Portable Parallelism using Modern C++ and Threading Building Blocks is a two-day online training course with programming exercises taught by Michael Voss and Pablo Reble. It is offered online from 11AM to 3PM Eastern Time (EDT), Monday September 21st and Tuesday September 22nd, 2020 (after the conference).
Course Description
Threading Building Blocks (TBB) is a portable, open-source C++ library for threading that has been widely used since 2006. Over the years, the developers of TBB and its users have learned many lessons about implementing composable parallelism in real-world C++ applications, including what practices to use and what mistakes to avoid. This course will introduce the TBB library and discuss its relationship with modern C++. Attendees will become familiar with TBB’s generic parallel algorithms, flow graph, concurrent containers and scalable memory allocator. They will also learn about TBB’s ongoing relationship with the ISO C++ standard including the fundamental features introduced in C++11 (std::thread, std::mutex and std::atomic), the parallel execution policies introduced in C++17, the newest features introduced in C++20, as well as proposed features, like executors.
Threading Building Blocks is also part of the specification for oneAPI, a recently announced cross-industry, open, standards-based unified programming model for heterogenous programming. Attendees will be introduced to oneAPI and learned about the role of oneAPI’s Threading Building Blocks (oneTBB) in this cross-industry effort.
Finally, the class will provide tips on how to architect applications and libraries to provide composable parallel performance, based on the experiences of the TBB development team and its customer support teams. The instructors will demonstrate these tips with examples using TBB and the parallel algorithms introduced in C++17.

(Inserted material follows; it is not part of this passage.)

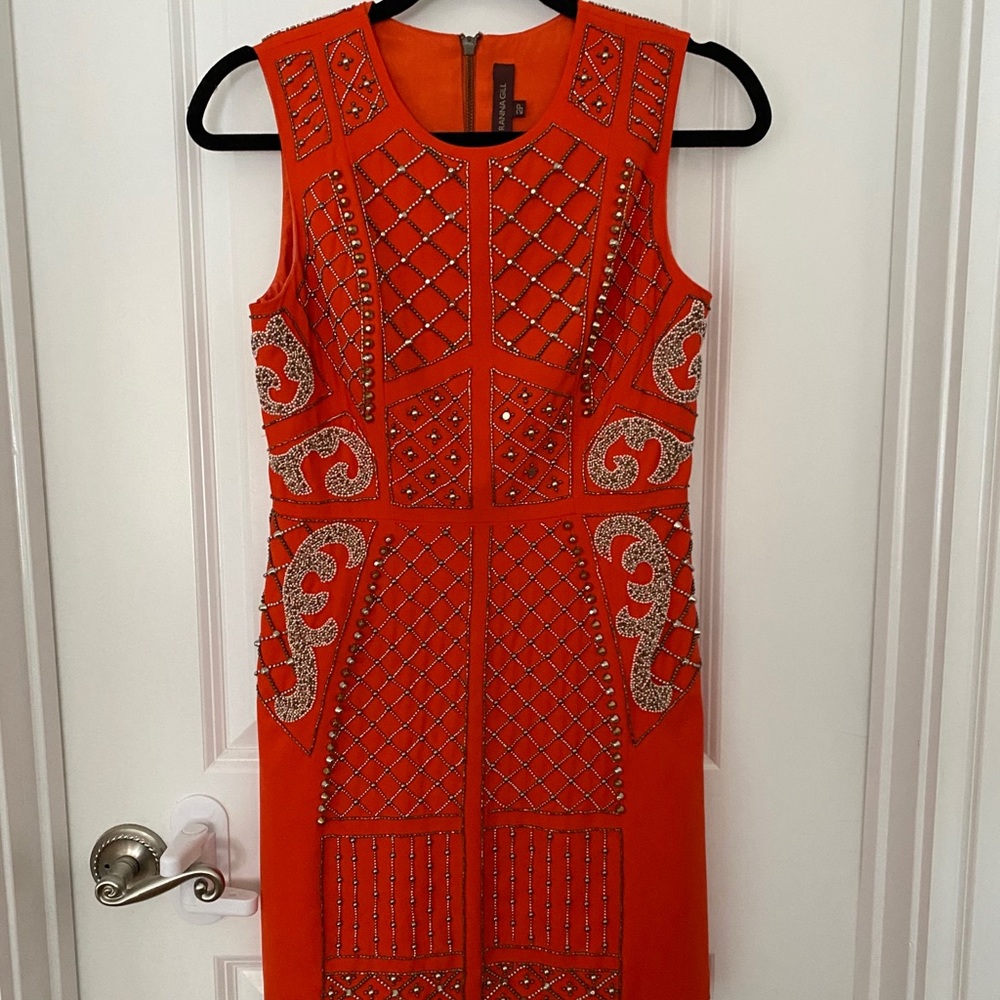 Orange beaded sheath mini dress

This course will mix presentations with hands-on exercises. Course materials will be provided via GitHub and hands-on exercises will be supported through Intel ® DevCloud for oneAPI.
Goals
- Learn about the features of TBB
- Learn about TBB’s complementary relationship with the parallelism features in C++
- Learn about oneTBB’s role in oneAPI.
- Learn how to create applications with portable, composable parallelism
Prerequisites
- Knowledge of C++11/14 (including templates)
- As an online class:
- A reliable internet connection is necessary
- The exact conference-call software will be announced later
- To participate in hands-on examples:
- Option 1: (the primary delivery method): Using the Intel ® DevCloud for oneAPI
- A limited, but hopefully sufficient, number of instances will be pre-arranged for attendee use
- All necessary software will be pre-installed on those systems
- Option 2: On the attendee’s local system
- A C++ compiler supporting C++14 or later
- git
- Due to time constraints, we will offer limited assistance for students that choose this option
- Option 1: (the primary delivery method): Using the Intel ® DevCloud for oneAPI
Outline
Day 1 (3 Total hours)
- An introduction to Threading Building Blocks (~ 1.5 hrs)
- A brief overview of TBB
- Hands-on:
- Setting up Intel ® DevCloud for oneAPI
- Or, installing TBB and the examples locally
- The libraries components
- The Generic algorithms
- The flow graph API
- Concurrent containers
- Scalable memory allocation
- Hands-on:
- Using TBB features
- Modern standard C++ parallelism features with TBB (~ 1.5 hrs)
- Features that TBB had that have been displaced by standard C++
-
tbb::thread, tbb::mutex and tbb::atomic
-
- The C++17 parallel algorithms with TBB as an execution engine
- Understanding execution policies
- seq, par, unseq, par_unseq
- Understanding execution policies
- TBB’s relationship to upcoming features: co-routines, executors and more.
- Hands-on:
- Using C++17 parallel algorithms with oneTBB
- Features that TBB had that have been displaced by standard C++
Day 2 (3 Total hours)
- Composability (~ 1.5 hrs)
- What is composability and why is it important
- The types of composability (nested, parallel and sequential)
- Pitfalls when creating parallel applications and libraries
- Tuning for an assume set of resources
- Oversubscription
- Affinity and locality
- Priorities
- Hands-on
- Exploring oneTBB’s performance features
- What is composability and why is it important
- Techniques for creating composable applications and libraries (~1.5 hrs)
- Data parallelism
- Relaxed sequential semantics
- Cache-oblivious algorithms
- Work stealing and recursive subdivision
- Avoiding oversubscription in nested parallelism
- Is it ok to sacrifice composability for performance?
- Demonstration
- Composability case studies